What’s your favourite book?
It’s always been a tough question to answer for me. What are the criteria? The Lord of the Rings is a superlative work of creation. Rubicon is as great a work of historical narrative as I’ve ever read. The Lies of Locke Lamora impressed me more than any novel in the past ten years and genuinely shocked me with one of its many twists. Planetary and V for Vendetta are superbly well-crafted comics series. I could dig in to my library and make an argument for many more of the books in there.
But if I’m allowed to narrow it down to the book that has given me the most joy, then the answer’s easier. Neil Gaiman and Terry Pratchett are two of my favourite authors, their storytelling skills and mastery of wordplay having made me smile more often than most, and when they collaborated to create a novel, they both surpassed themselves. That novel, Good Omens, reduced me to even more helpless giggling than Douglas Adams Hitchhiker’s Guide series ever managed.
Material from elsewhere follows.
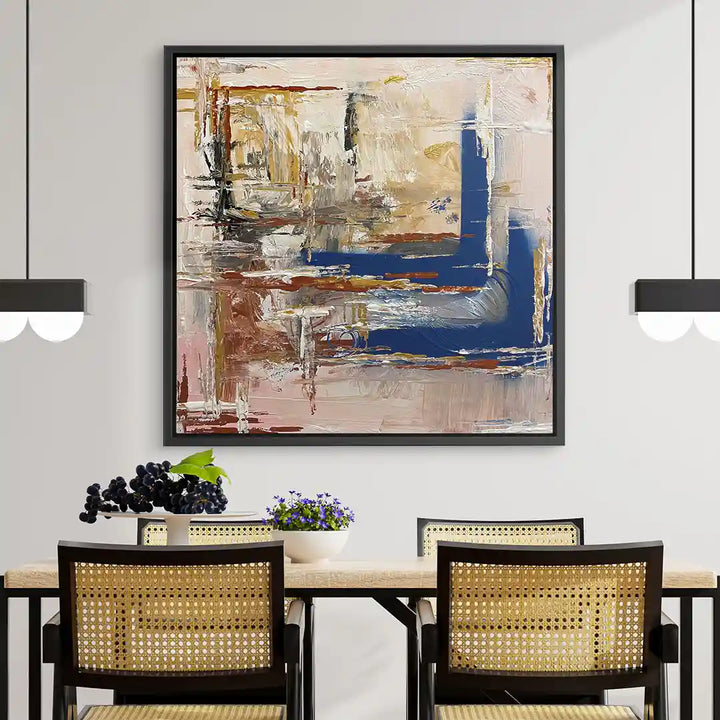 Abstraktes Wandbild in Beige und Blau über Esstisch, moderne Wohnraumdekoration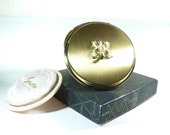 Unused vintage Stratton powder compact 1950s unused compact mirrors faux pearl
The news, then, that Pratchett and Gaiman are adapting Good Omens as a six-part BBC Radio 4 dramatisation, just fills me with even greater joy. Add to that the fact that the team behind it was also responsible for last year’s wonderful adaptation of Gaiman’s Neverwhere and joy levels are starting to reach near-terminal levels. Anything else? Oh yes, how about the amazing Peter Serafinowicz as co-lead Crowley, “an angel who did not so much fall as saunter vaguely downwards”.*
Needless to say, a radio-centric Christmas can’t come soon enough. I may just have to dig out my very-well thumbed copy of the original novel** and remind myself of just how good it is in order to prepare myself…
*He hadn’t meant to fall. He’d just hung around with the wrong people.